Jimmy nodded at his boss and turned to find Cat Grant. He needed to know if she wanted to refine the search terms for her story or keep them broad. Eduardo was digging for some dirt on a councilman who might or might not be selling building inspections. And Lois wanted him to track down some potential Superman sightings in the Pacific Northwest, a task that promised to take considerable time.
But he didn’t care. The Planet had its heart back. The work was still hard, the hours were often long and always unpredictable, the assignments were always variable and sudden, the schedule often conflicted with his real life, and he still had competing priorities when finding time to make all the reporters happy with his research.
But it was fun. Clark and Lois were back, Cat was still there, Lois and Cat had made peace with each other and seemed like friends, and when Cat flirted with Clark, Lois made it clear to her where the lines were – but then the two women would go to lunch together and come back giggling like schoolgirls. Lois’s friend Kim occasionally joined them, and Clark always smiled knowingly when he saw the three of them together.

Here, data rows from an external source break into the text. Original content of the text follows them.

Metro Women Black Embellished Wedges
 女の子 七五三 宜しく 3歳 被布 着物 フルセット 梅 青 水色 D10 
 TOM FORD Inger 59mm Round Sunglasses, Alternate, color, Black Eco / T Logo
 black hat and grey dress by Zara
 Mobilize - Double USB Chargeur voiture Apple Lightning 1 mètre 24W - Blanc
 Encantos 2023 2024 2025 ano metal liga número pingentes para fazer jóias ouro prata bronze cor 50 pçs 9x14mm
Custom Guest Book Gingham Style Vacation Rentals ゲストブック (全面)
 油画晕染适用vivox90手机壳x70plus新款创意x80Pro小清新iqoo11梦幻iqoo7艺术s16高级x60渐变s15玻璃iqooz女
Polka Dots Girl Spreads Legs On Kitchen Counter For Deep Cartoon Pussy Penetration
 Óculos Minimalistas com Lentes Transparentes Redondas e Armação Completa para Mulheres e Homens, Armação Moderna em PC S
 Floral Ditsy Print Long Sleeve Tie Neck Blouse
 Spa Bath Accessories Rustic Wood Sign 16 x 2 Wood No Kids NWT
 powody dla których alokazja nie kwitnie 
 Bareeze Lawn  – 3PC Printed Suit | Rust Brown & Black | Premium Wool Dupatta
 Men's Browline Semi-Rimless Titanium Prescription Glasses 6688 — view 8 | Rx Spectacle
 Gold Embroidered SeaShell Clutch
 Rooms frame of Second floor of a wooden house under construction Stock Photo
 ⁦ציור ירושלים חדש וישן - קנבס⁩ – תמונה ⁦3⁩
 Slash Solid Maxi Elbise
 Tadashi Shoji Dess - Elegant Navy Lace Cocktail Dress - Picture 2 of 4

He laughed to himself. Cat was still the only woman Lois would allow to play-flirt with Clark. Anyone else had to deal with both women, and at on one memorable occasion, Cat had held Lois back from actually attacking a woman who was making borderline obscene comments about her husband. That woman had decided to avoid Clark, apparently for the rest of her career, for the purpose of living to retirement age.
And boy, did that relationship take some getting used to. He’d been afraid that they’d end the marriage after the assignment was over, but judging by the way they couldn’t keep their hands off each other, that wasn’t happening any time soon – if ever. He’d been sworn to secrecy over Cat and Lois’ actual duet closer, but he knew that Lois planned to surprise Clark with a Whitney Houston-style rendition of “I Will Always Love You.” She hoped it would bring tears to his eyes to match the ones she’d shed every time she’d tried to rehearse it.
Jimmy had actually updated his résumé, but he hadn’t sent it out to anyone. He couldn’t imagine leaving the paper now. It was his home, his refuge, the place he belonged, and no one was going to pry this turtle out of his shell. There was no more talk overheard about anyone looking for a new position with another organization. Eduardo smiled all the time as he filed story after story. Myerson argued about college football with Clark or anyone else who’d give him ten seconds, then go out and bring back a scoop on some international relations thing that always made Lois frown for a moment, then smile. Perry growled good-naturedly at everyone and about everything, then went home to Alice and actually relaxed.
The Daily Planet was a happy family again. And everyone there was happy to belong to that family.